- TASK INSTRUCTIONS: Could you repeat the listing exactly, leaving out the pictures?

- THE DATA:
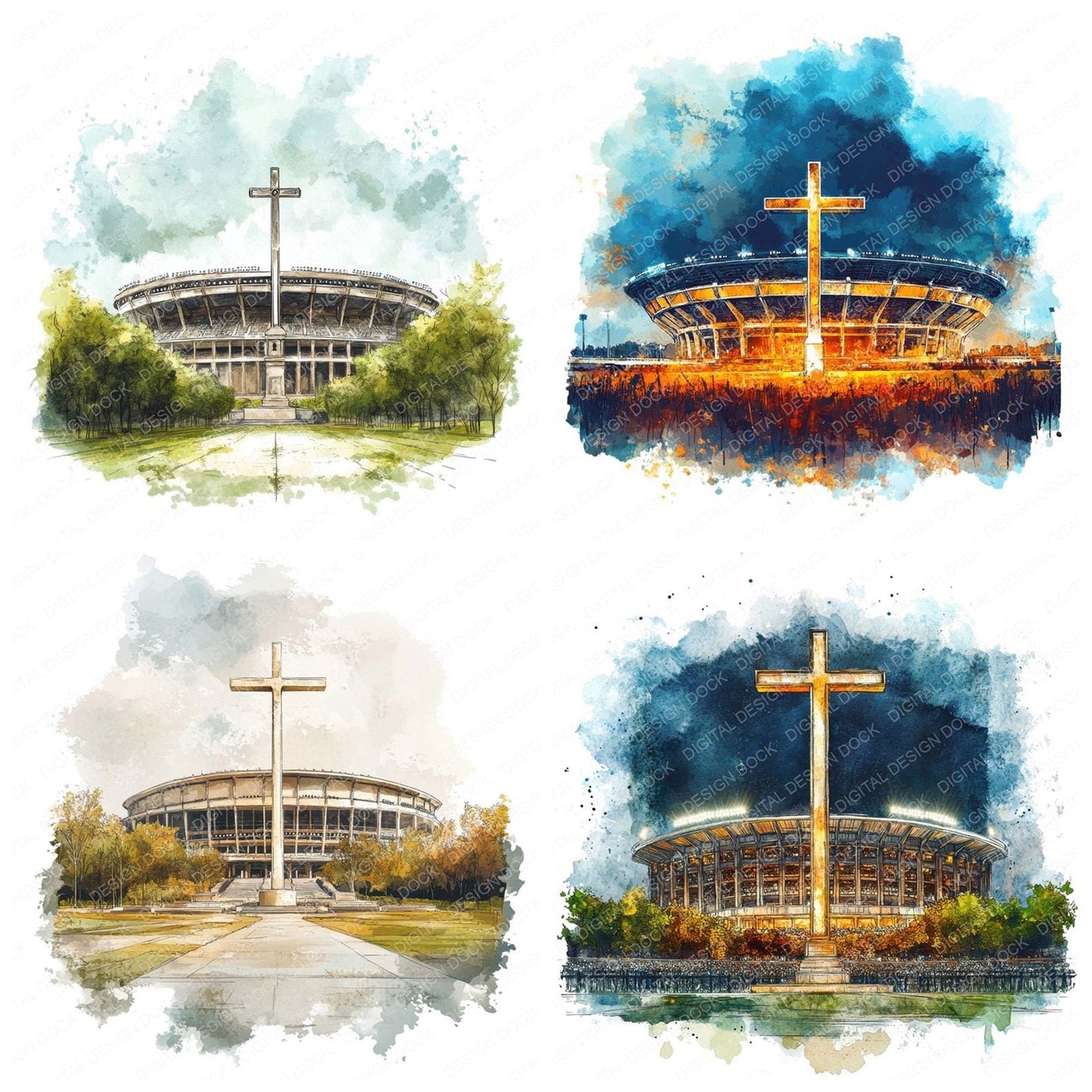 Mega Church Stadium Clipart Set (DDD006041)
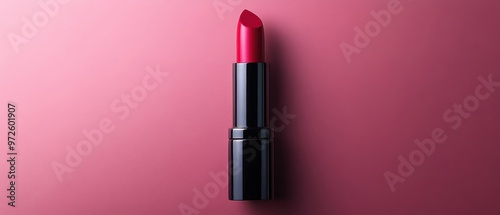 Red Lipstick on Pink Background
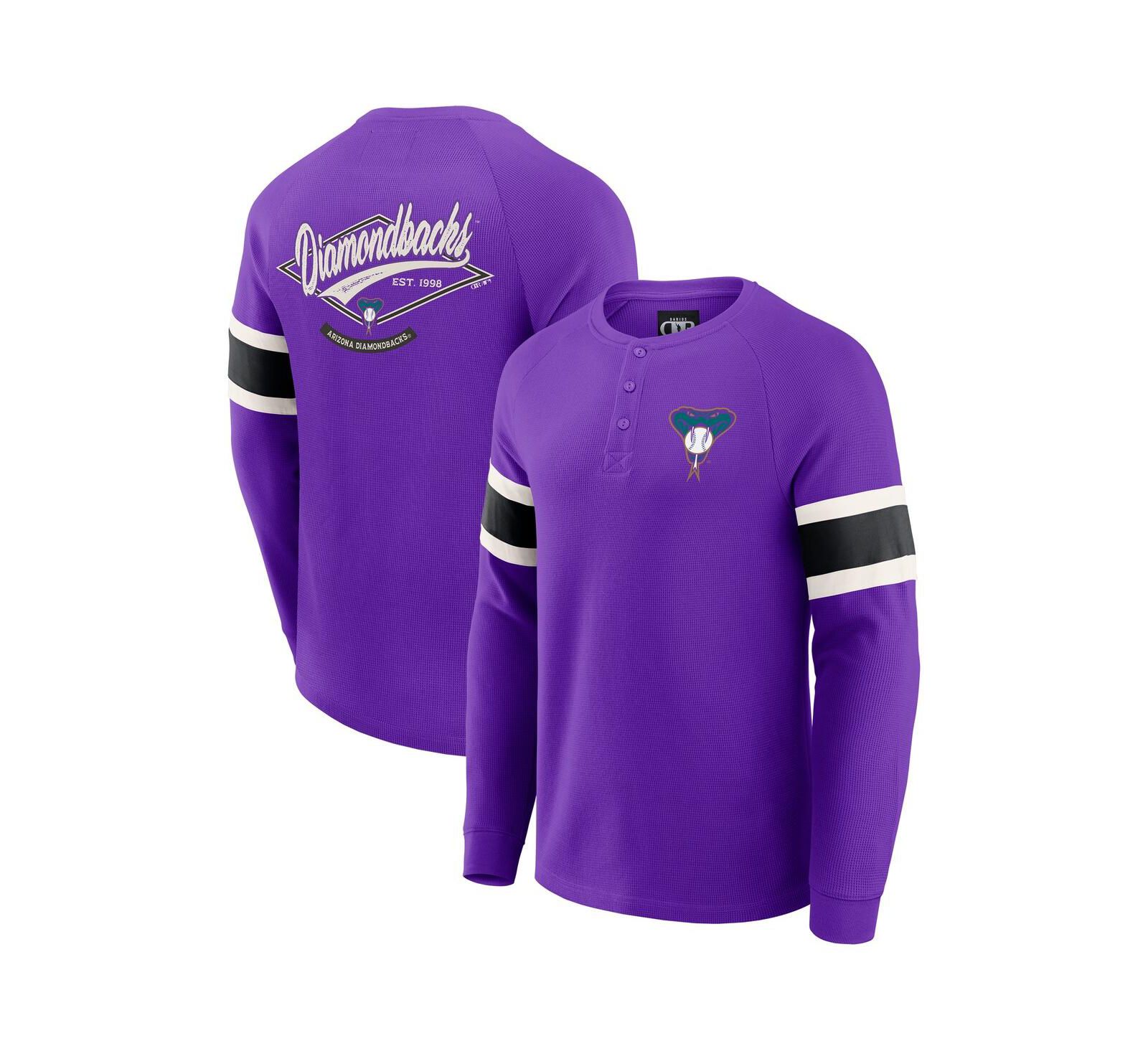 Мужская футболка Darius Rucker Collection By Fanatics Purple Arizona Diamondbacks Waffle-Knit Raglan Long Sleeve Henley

- RESULT FOR THIS EXERCISE:
 Mega Church Stadium Clipart Set (DDD006041)
 Red Lipstick on Pink Background
 Мужская футболка Darius Rucker Collection By Fanatics Purple Arizona Diamondbacks Waffle-Knit Raglan Long Sleeve Henley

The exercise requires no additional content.